Data entries
=== Section Start ===
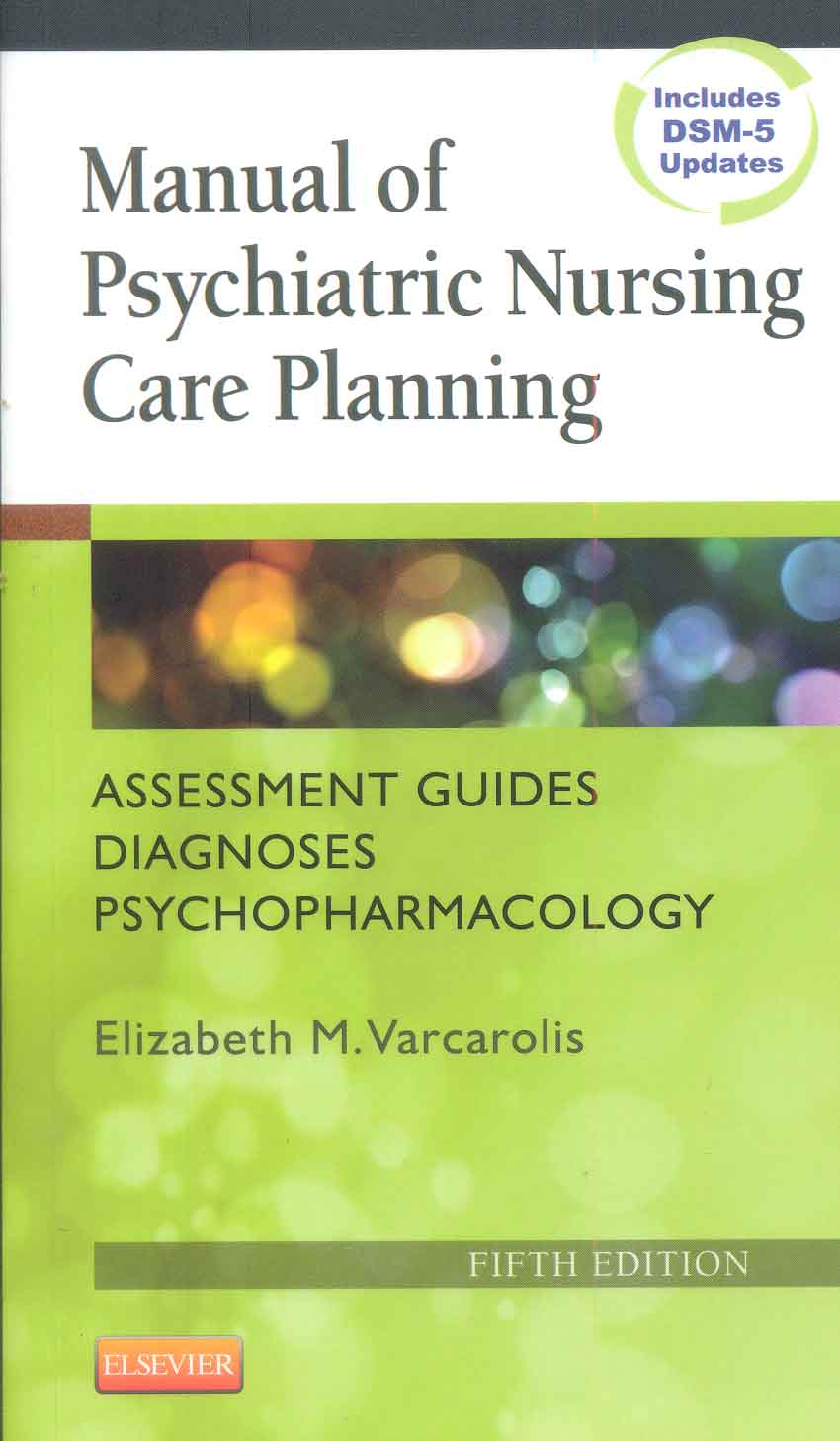 Manual of psychiatric nursing care planning : assessment guides diagnoses psychopharmacology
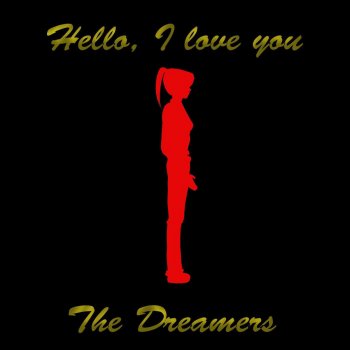 The Dreamers Hello, I Love You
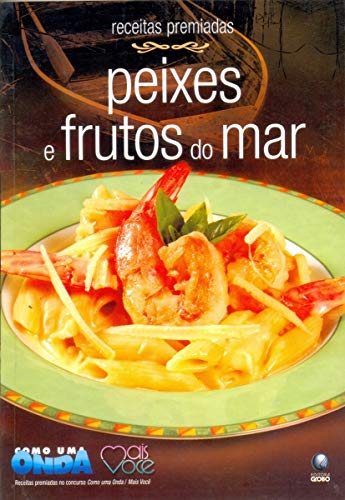 Receitas Premiadas - Peixes E Frutos Do Mar
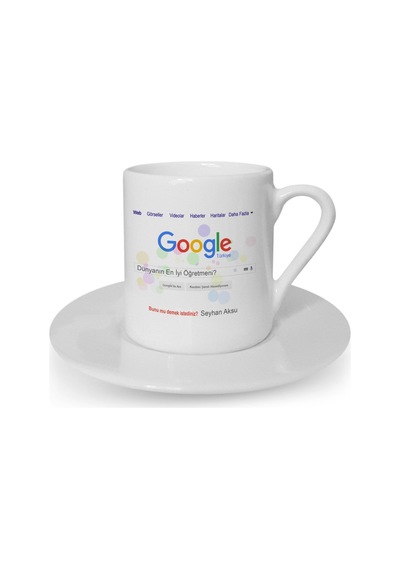 Kişiye Özel Google Dünyanın En İyi Öğretmeni Türk Kahvesi Fincanı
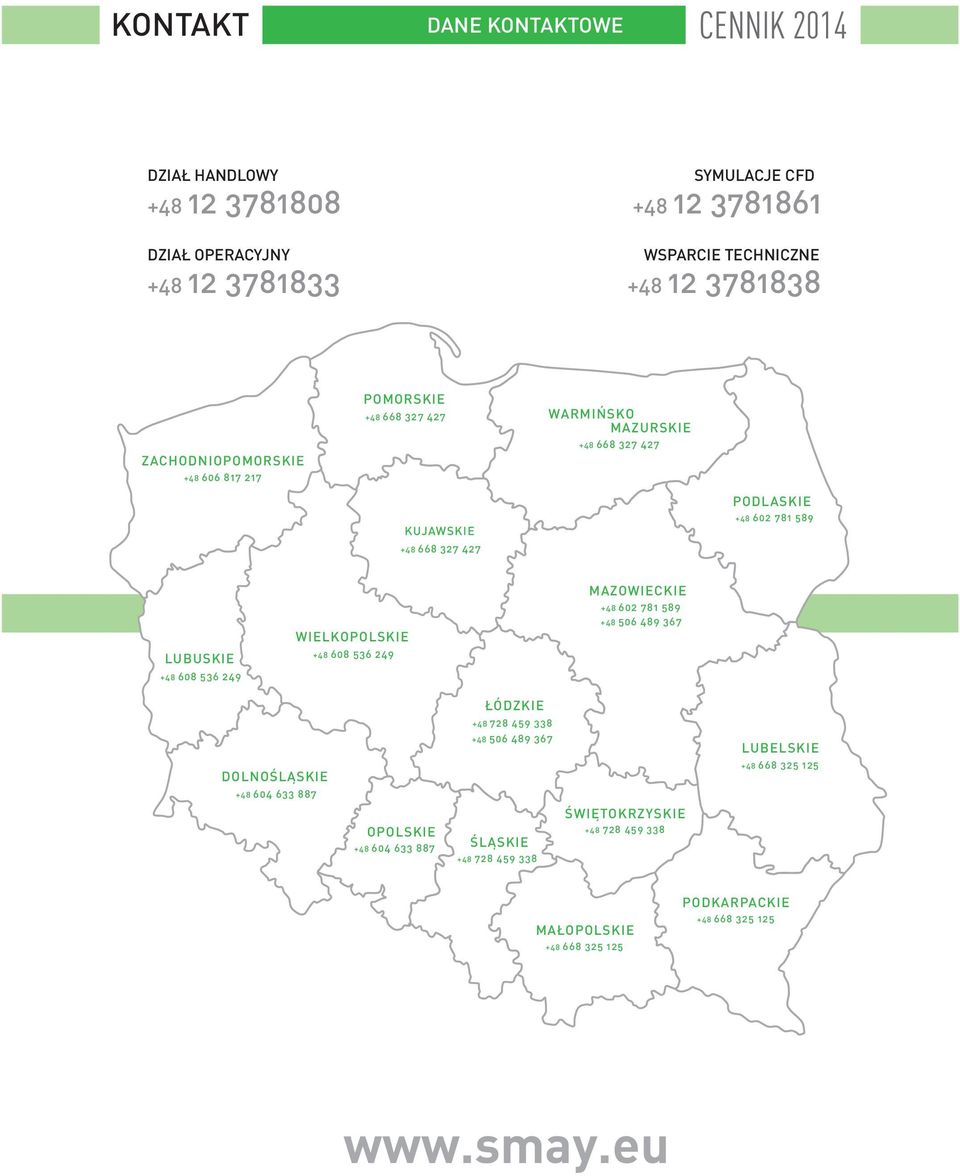 608 536 249 WIELKOPOLSKIE +48 608 536 249 MAZOWIECKIE +48 602 781 589 +48 506 489 367 DOLNOŒL SKIE +48 604 633 887 OPOLSKIE +48 604 633 887 ÓDZKIE +48 728 459 338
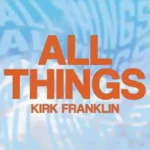 Kirk Franklin-All Things
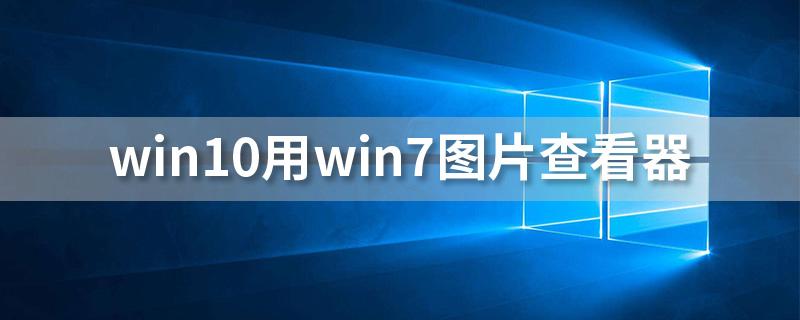win10图片查看器？Win10图片查看器功能详解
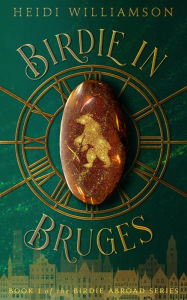 Title: Birdie in Bruges, Author: Heidi Williamson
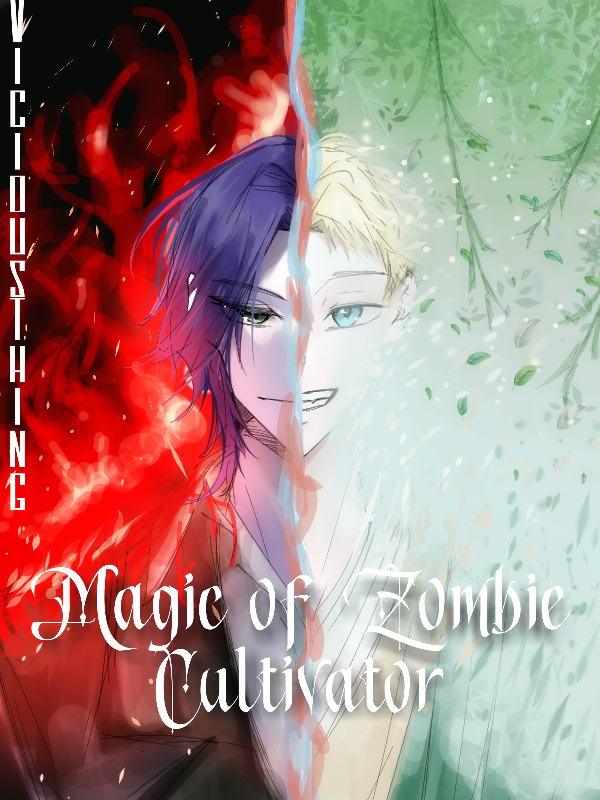 Magic of Zombie Cultivator(Please wait... In editing)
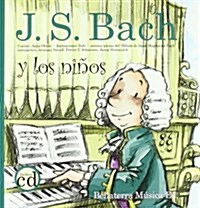 J.S. Bach y el regalo sorpresa/ J. S. Bach and the Surprise Gift (Hardcover, Compact Disc)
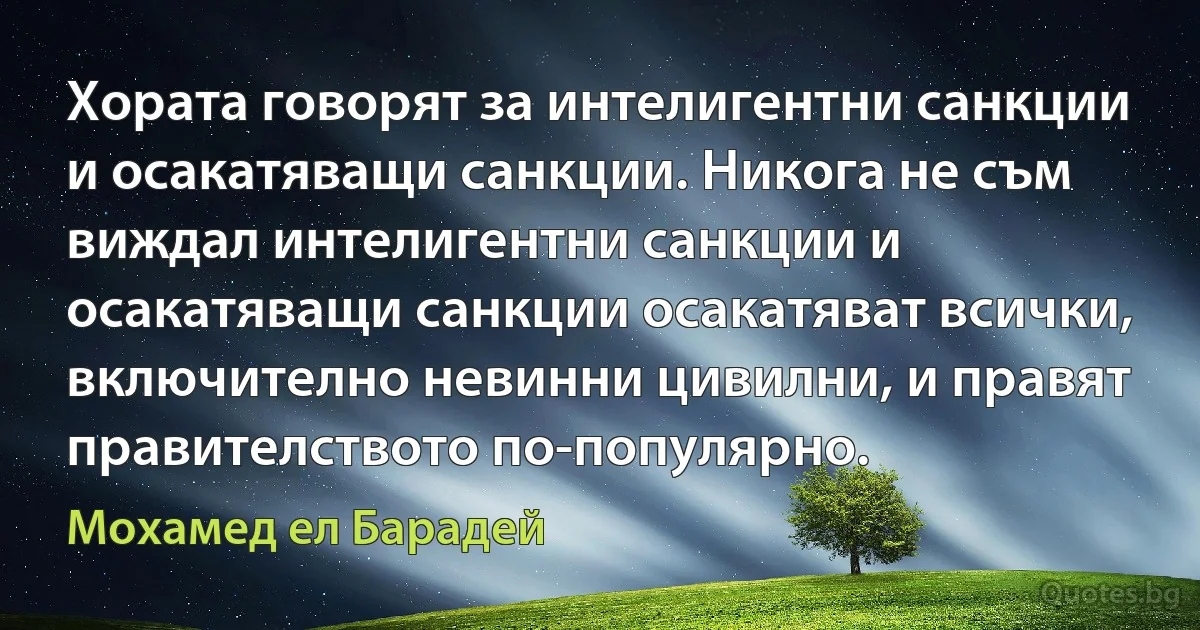 Хората говорят за интелигентни санкции и осакатяващи санкции. Никога не съм виждал интелигентни санкции и осакатяващи санкции осакатяват всички, включително невинни цивилни, и правят правителството по-популярно. (Мохамед ел Барадей)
=== Section End ===
What you are asked to do: Pictures aside, set down the lines from the one containing "Kirk Franklin-All Things" through the end of the records above, exactly and only those.

Response to the exercise:
 Kirk Franklin-All Things
win10图片查看器？Win10图片查看器功能详解
 Title: Birdie in Bruges, Author: Heidi Williamson
 Magic of Zombie Cultivator(Please wait... In editing)
 J.S. Bach y el regalo sorpresa/ J. S. Bach and the Surprise Gift (Hardcover, Compact Disc)
 Хората говорят за интелигентни санкции и осакатяващи санкции. Никога не съм виждал интелигентни санкции и осакатяващи санкции осакатяват всички, включително невинни цивилни, и правят правителството по-популярно. (Мохамед ел Барадей)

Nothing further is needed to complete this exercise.